We went to the Tulsa International Airport and found no snow, or sleet, only cold chilling temperatures.
We checked the roadways and all are clear of moisture Saturday night.
Something we learned from Tulsa's street crew Saturday is there has to be to moisture on the road before they can prep the roads with salt and sand.
The city of Tulsa and surrounding areas are preparing for more winter weather.
Fox23 was there when crews got their routes and checked their trucks.
Dennis Sixkiller has worked for the city's street department for 33 years.
He say the worst road conditions he's seen were just a few years ago.
"We actually had our own trucks getting stuck because there was so much snow," Sixkiller said.
Even though FOX23 meteorologists don't think that will happen with this cold snap, the job he says is still the same.
"You still have to take the same precautions because when the roads are slick it doesn't matter if it's a half an inch or 14 inches, slick is slick," Sixkiller explained.
"We have to be prepared for when it does hit, you know we don't want to try to bring crews in as the storm is coming in," Tim McCorkell, Tulsa's street supervisor said.
I learned from McCorkell that before they can start spreading the mix on the roads - there has to be moisture.
"If you try to pre-treat with the salt just putting it out on the roadway before there is any moisture to hold it the wind or the cars or traffic or whatever will just blow it off," McCorkell explained.
With only predictions and no way to know what road conditions will be until the front arrives, McCorkell said the city's not risking not being prepared.
"We have to bring in full crews so we are prepared for anything that may happen," McCorkell said.

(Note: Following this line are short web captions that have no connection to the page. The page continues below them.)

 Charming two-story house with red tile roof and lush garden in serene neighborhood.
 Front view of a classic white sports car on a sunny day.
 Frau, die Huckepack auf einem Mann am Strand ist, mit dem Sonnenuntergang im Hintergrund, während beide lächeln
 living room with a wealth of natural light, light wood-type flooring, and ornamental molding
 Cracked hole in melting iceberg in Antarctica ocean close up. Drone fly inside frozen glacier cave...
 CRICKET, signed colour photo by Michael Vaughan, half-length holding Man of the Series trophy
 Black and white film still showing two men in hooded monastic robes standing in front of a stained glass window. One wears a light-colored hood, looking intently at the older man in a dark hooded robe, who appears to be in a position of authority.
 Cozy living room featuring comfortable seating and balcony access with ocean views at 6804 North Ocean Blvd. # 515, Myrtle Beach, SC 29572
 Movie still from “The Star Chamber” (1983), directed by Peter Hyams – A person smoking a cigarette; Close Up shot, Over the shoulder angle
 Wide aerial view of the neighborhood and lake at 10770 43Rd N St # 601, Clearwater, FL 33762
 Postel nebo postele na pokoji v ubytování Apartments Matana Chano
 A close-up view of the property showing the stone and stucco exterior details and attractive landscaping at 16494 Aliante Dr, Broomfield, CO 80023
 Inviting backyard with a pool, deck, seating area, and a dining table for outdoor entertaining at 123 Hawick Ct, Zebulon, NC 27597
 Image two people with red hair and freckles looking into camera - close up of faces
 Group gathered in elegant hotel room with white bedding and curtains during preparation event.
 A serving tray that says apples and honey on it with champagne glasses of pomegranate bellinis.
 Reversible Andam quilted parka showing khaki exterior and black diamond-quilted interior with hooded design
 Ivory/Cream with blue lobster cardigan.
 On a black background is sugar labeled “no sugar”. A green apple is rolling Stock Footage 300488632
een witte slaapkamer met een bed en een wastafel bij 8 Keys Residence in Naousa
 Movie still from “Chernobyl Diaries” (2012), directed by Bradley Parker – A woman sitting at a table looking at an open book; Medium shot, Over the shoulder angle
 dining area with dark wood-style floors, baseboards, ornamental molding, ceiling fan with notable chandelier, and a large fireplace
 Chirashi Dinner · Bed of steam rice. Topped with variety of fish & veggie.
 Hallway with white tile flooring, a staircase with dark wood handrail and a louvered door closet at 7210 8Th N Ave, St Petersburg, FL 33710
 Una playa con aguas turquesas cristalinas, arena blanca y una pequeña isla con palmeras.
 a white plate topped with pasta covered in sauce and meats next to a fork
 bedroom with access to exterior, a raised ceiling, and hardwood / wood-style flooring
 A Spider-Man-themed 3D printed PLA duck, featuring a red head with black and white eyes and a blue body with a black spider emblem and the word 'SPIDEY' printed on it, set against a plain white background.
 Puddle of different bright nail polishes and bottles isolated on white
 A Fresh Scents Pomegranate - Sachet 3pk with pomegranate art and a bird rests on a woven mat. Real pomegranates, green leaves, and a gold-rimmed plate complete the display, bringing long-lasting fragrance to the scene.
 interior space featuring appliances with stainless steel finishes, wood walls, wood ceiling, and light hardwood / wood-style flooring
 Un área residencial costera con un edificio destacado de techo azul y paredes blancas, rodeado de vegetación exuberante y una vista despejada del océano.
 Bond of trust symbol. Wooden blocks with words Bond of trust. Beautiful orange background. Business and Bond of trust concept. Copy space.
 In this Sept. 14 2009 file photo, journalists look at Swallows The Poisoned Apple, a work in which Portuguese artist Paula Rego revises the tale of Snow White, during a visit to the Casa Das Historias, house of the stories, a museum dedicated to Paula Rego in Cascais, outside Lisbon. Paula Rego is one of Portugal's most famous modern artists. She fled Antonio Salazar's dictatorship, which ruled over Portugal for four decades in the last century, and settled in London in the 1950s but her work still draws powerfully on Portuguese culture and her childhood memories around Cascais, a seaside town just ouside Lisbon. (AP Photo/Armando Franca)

Before crews can think about treating the roads, they have to mix the sand and salt and check each truck.
"You would kind of like to stay home and be with your family but you know got a job to do and if you go out and do your job then you know you're even protecting your own family if they have to get out there, it's a good deal, McCorkell said.
I just checked with that street crew and there are no trucks on the roads but they do have people monitoring conditions.